• **Task objective**: Please copy every line from the following entries in which the word "Picture" appears.

• **Input material**:
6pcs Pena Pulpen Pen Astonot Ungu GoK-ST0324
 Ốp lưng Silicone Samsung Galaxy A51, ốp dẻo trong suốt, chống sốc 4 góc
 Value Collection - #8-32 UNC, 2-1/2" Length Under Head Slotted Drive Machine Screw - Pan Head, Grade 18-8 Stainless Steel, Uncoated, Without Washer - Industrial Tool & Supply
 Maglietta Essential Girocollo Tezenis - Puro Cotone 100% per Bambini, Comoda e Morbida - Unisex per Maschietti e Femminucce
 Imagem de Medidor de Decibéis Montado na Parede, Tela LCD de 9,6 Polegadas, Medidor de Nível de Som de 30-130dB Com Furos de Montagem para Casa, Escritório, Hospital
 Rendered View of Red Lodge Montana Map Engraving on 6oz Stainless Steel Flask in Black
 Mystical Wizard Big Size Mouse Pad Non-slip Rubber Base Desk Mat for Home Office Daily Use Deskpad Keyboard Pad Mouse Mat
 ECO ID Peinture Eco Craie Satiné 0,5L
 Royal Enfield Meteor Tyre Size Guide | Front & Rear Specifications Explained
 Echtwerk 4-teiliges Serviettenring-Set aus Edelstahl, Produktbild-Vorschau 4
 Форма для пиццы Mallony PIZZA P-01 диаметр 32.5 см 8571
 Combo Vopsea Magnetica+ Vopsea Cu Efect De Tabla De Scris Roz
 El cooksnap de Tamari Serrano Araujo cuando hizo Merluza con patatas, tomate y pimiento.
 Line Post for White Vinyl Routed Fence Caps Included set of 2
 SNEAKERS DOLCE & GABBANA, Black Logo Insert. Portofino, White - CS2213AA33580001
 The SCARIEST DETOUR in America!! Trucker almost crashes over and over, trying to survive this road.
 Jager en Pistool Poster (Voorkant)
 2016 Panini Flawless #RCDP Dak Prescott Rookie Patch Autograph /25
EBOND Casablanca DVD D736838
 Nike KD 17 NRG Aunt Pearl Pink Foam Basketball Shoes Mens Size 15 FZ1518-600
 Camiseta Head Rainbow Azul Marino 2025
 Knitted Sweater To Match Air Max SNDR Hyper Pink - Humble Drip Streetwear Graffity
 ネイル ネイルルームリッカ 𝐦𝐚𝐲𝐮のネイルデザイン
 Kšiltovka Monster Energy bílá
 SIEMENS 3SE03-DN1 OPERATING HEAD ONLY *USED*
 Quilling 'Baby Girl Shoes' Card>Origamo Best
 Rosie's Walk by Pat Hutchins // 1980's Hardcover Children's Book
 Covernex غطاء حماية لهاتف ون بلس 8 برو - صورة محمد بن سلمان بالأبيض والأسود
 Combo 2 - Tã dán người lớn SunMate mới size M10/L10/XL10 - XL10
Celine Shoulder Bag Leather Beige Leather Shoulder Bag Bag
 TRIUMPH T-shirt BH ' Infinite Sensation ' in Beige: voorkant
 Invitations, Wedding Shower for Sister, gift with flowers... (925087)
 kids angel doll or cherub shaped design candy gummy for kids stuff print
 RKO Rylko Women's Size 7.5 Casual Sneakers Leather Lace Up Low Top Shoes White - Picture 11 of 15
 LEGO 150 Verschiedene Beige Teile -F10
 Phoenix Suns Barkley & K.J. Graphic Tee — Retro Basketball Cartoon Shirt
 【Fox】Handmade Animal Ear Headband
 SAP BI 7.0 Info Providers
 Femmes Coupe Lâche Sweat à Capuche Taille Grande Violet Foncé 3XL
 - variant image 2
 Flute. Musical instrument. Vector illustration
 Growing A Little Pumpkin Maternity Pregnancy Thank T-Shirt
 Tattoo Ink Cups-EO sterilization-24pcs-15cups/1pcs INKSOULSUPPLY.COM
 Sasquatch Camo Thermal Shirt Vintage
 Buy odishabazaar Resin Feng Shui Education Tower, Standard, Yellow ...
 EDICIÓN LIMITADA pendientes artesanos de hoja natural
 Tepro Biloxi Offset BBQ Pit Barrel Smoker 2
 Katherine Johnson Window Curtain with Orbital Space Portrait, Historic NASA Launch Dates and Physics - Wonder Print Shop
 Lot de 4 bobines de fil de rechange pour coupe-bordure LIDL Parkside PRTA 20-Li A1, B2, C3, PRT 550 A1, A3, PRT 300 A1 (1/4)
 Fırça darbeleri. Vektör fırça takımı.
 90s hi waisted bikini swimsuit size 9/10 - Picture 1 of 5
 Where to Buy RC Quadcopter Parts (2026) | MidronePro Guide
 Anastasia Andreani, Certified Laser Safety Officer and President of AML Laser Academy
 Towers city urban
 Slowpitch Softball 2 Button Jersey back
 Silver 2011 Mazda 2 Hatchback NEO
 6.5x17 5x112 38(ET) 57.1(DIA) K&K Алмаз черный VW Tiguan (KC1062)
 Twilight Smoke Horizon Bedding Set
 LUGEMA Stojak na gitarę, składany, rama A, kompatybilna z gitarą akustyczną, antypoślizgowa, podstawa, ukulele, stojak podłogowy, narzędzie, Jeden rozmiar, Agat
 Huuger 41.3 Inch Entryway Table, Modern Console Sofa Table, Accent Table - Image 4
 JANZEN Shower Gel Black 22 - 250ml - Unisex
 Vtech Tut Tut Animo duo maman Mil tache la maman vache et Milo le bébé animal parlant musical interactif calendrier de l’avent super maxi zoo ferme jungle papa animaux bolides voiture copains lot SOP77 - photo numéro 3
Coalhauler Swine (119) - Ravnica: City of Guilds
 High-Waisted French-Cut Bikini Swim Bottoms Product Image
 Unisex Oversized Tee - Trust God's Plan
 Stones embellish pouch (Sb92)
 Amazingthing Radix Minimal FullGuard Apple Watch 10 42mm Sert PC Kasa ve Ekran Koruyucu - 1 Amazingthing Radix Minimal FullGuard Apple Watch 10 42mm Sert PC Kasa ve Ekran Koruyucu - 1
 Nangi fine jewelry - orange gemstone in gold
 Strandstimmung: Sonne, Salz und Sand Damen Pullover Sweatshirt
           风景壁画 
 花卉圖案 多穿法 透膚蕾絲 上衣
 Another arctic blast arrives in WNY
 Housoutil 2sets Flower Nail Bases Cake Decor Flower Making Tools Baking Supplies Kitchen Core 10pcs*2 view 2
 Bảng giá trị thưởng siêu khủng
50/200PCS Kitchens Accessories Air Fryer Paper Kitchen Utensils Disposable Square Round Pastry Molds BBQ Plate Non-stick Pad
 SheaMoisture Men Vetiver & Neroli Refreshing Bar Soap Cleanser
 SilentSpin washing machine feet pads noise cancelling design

• **Completed exercise**:
 RKO Rylko Women's Size 7.5 Casual Sneakers Leather Lace Up Low Top Shoes White - Picture 11 of 15
 90s hi waisted bikini swimsuit size 9/10 - Picture 1 of 5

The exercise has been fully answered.